So that kind of checks everybody’s boxes. If we can be a bit more efficient cost-wise for them and at the same time extend our kind of core sixth-gen fleet and keep them busy for the foreseeable future, that is a real win. So we are excited about that. We hope that does come to fruition. And, yeah, as we say, we will definitely update when we have definitive developments there.

Keelan I. Adamson: Maybe one add on that. I think every drilling contractor understands that continuity is really important for delivering performance over time, and Petrobras, you know, they have the ability to scale their operations, drive those efficiencies, and they understand the value of continuity with their fleet as well. And so from our perspective, it addresses utilization for our sixth-gen and low seventh-gen fleet. It allows us to work with our customer to drive their cost down. And to improve our Ts and Cs and reclaim some of that benefit to the company in that way. And we are able then to provide a service for longer on a high-continuity basis, which can only be good for our cash flow generation.

Doug Becker: That makes sense.

Noel Augustus Parks: Thank you.

Operator: We will move next with Keith Beckman with Pickering Energy Partners. Please go ahead. Your line is open.

Keith Beckman: Hey. Thanks for taking my question. Had a question around, you know, in a market that is much further along and everything is more positive, capacity is a little bit tighter, do you have any feel on which of your three seventh-gen rigs could potentially come back to market first? And does that change at all with Valaris’ three seventh-gen stacked rigs as well?

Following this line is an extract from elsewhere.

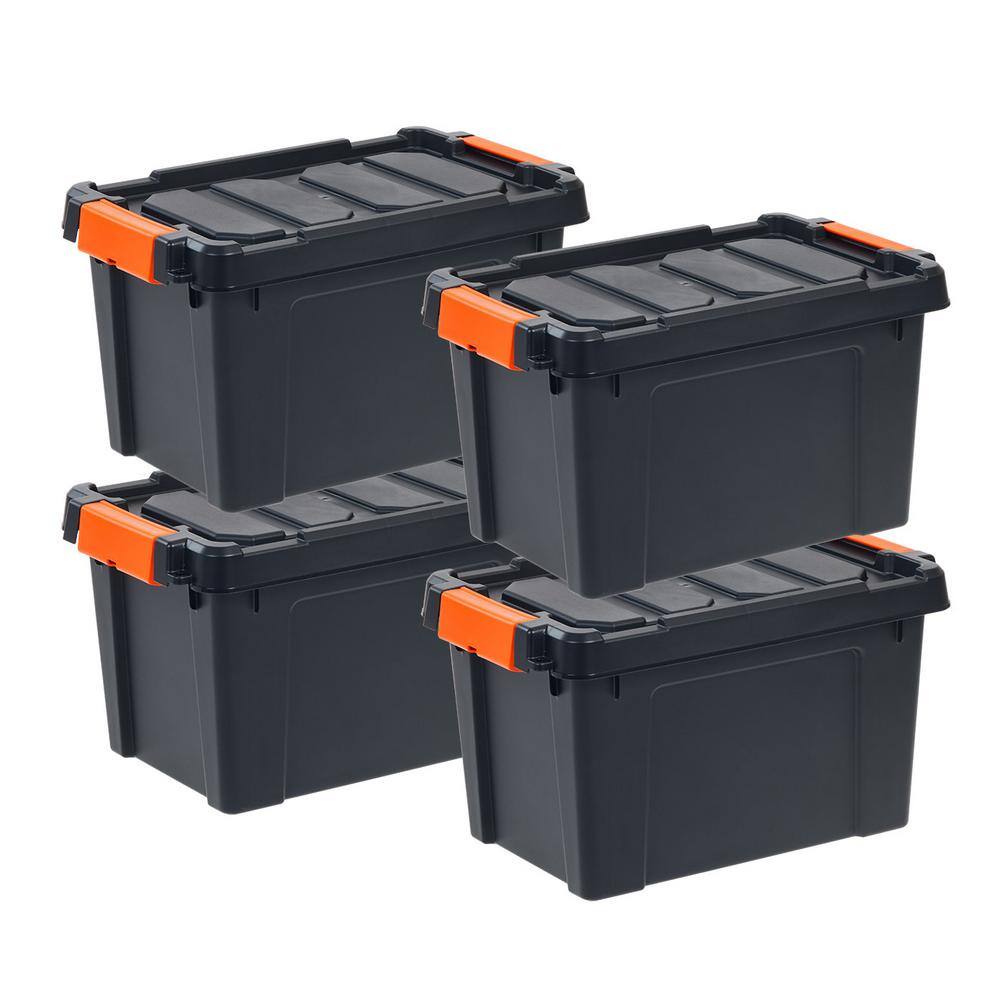 IRIS 20 Qt. Heavy Duty Plastic Storage Box in Black (4-Pack) 500152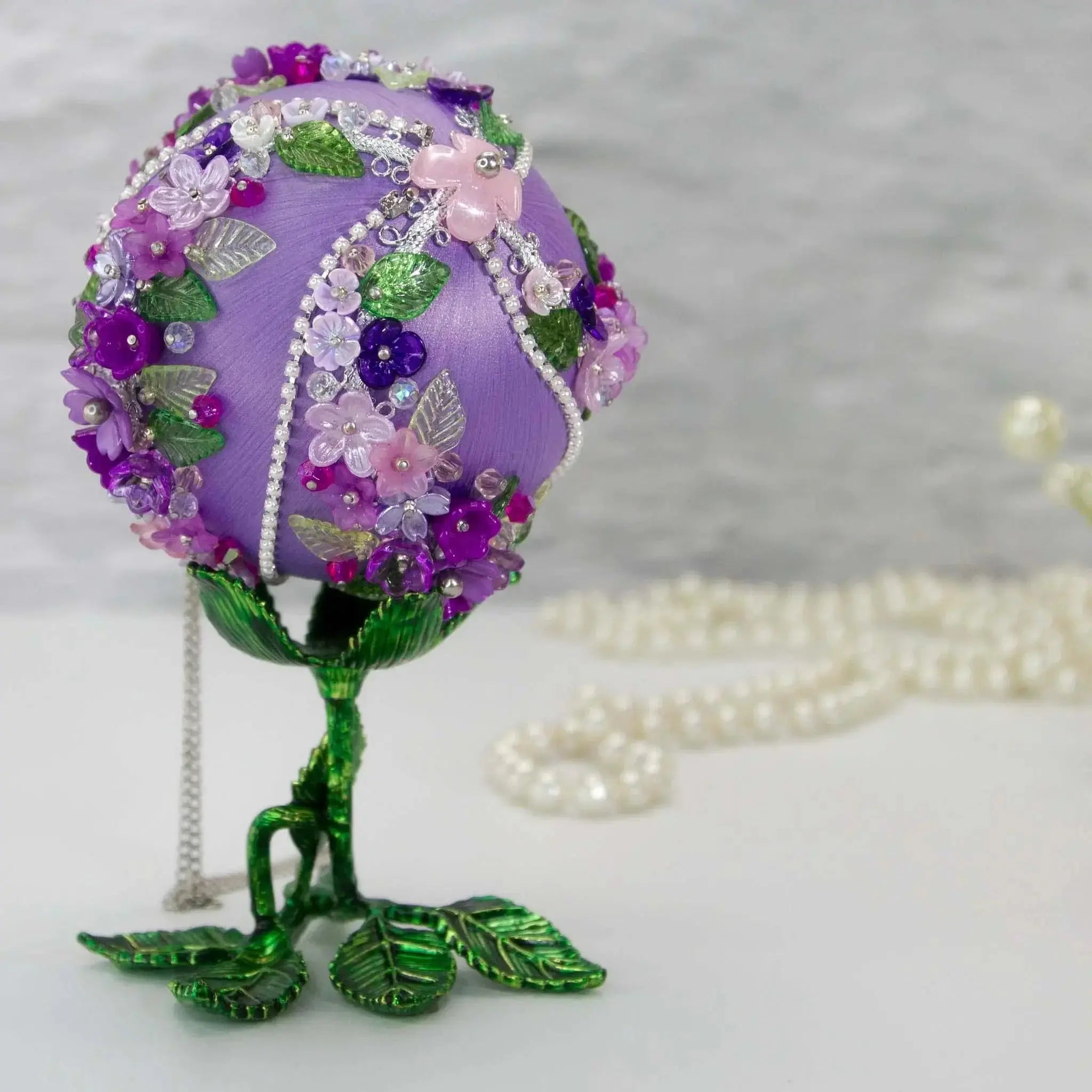 Christmas or Easter Beaded Ornament Ball embellished with flowers, trim, and beads. Handmade. Bottom detail. (Medium Purple).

Keelan I. Adamson: Yeah. It is, look. We are going to be really excited when the utilization gets to that point, right? But right now, obviously, we have got an active fleet that needs to roll over. We are very encouraged by the market signs that are there right now to continue to find opportunities for the active fleet. We are very happy with the three seventh-gen units that we have kept on the sideline, and the Valaris units obviously are high spec as well. So we take the same standpoint. We will not bring one of these units back speculatively. And the market would need to be in a position where we could recover the investment of those reactivations inside that contract. We believe that the longer-term outlook is very strong, and the opportunities will present themselves, but we do not see that in the very near term.

Keith Beckman: Awesome. That is helpful. And then my second question kind of comes back around to the Gulf market again in the back half of the year. Whenever I look at kind of what is in the fleet and could potentially be rolling off, I look at the Conqueror, Proteus, and Asgard, late this year potentially needing some work. I just wanted to know if all of those were to win work, I am assuming there is a little bit of upside to your guidance. Just wanted to get a feel for what is baked into 2026 guidance in regards to those three rigs.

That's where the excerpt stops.